__Task objective__: Take the line containing "Vintage‎ USSR Folk" and each line after it through the end of the data below, and return them exactly, minus any pictures.

__Provided data__:
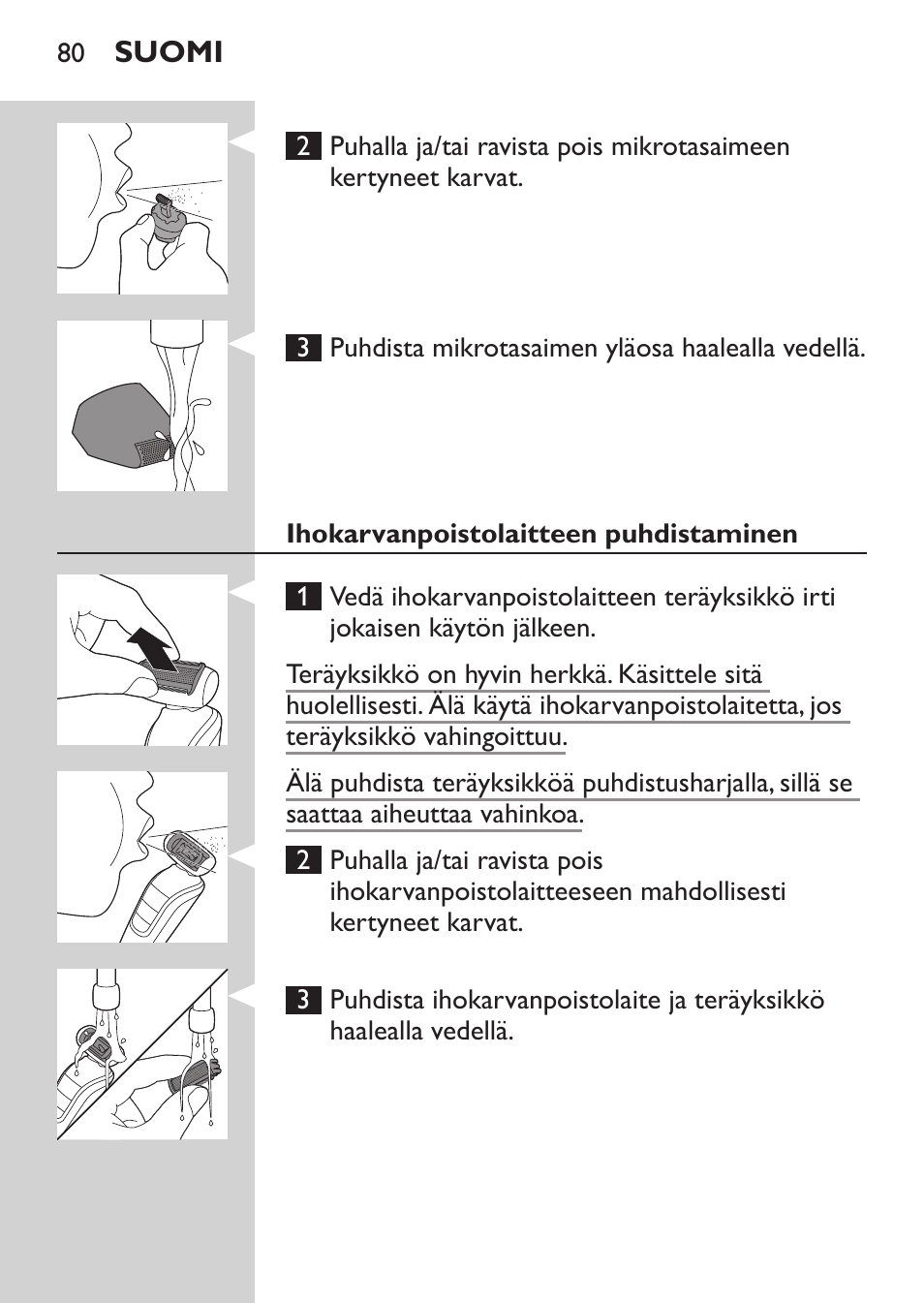 Philips MULTIGROOM Series 5000 Wasserdichtes Multitrim-Set GESICHT HAAR User Manual | Page 80 / 210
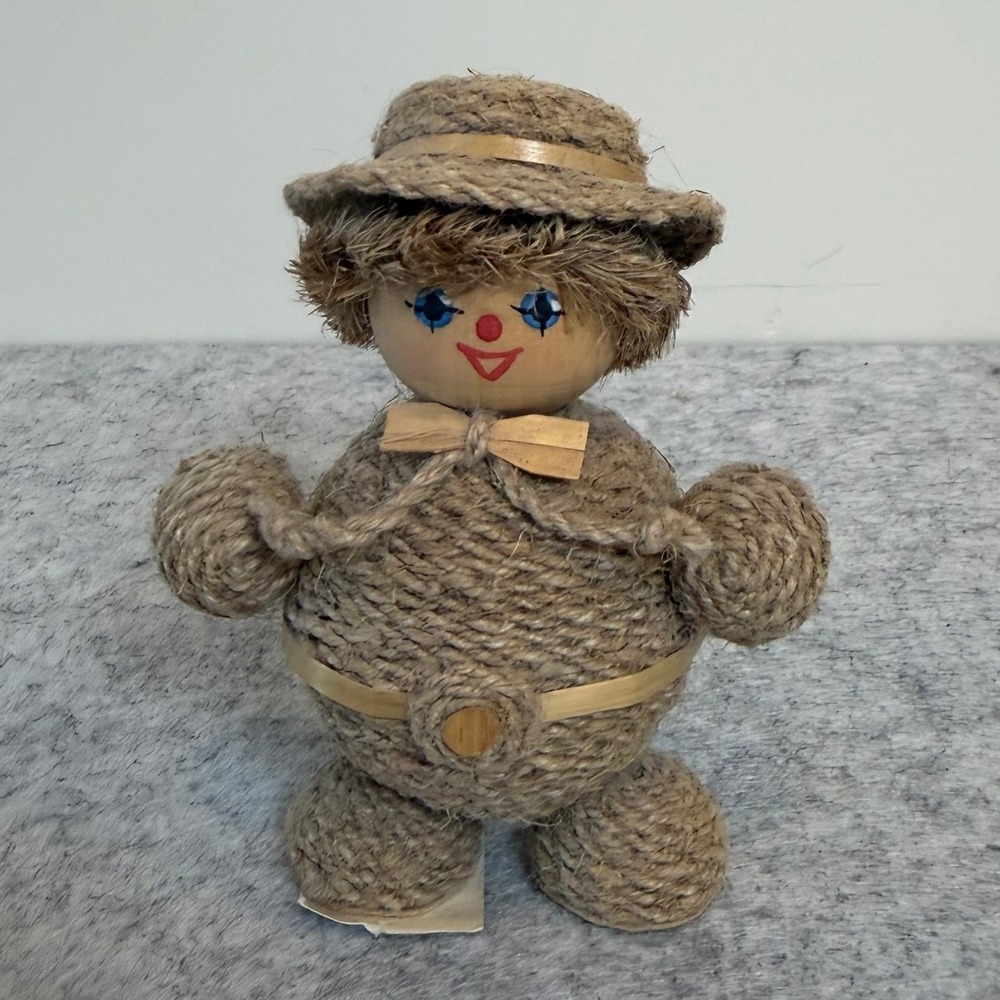 Vintage‎ USSR Folk Art Handmade Jute Twine Doll Wooden Head
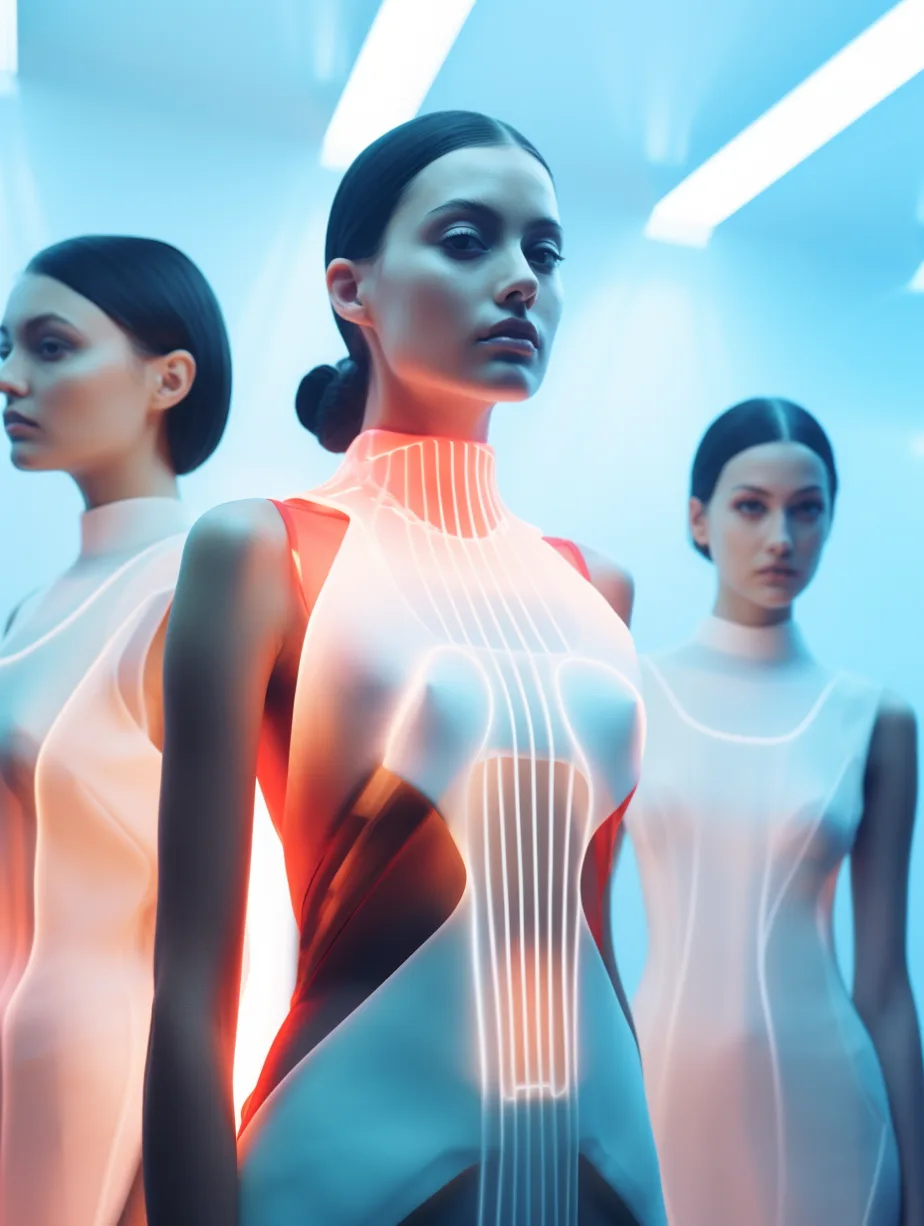 Midjourney prompt: disposable photography of fashion models wearing 3d printed dress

__Result below__:
 Vintage‎ USSR Folk Art Handmade Jute Twine Doll Wooden Head
 Midjourney prompt: disposable photography of fashion models wearing 3d printed dress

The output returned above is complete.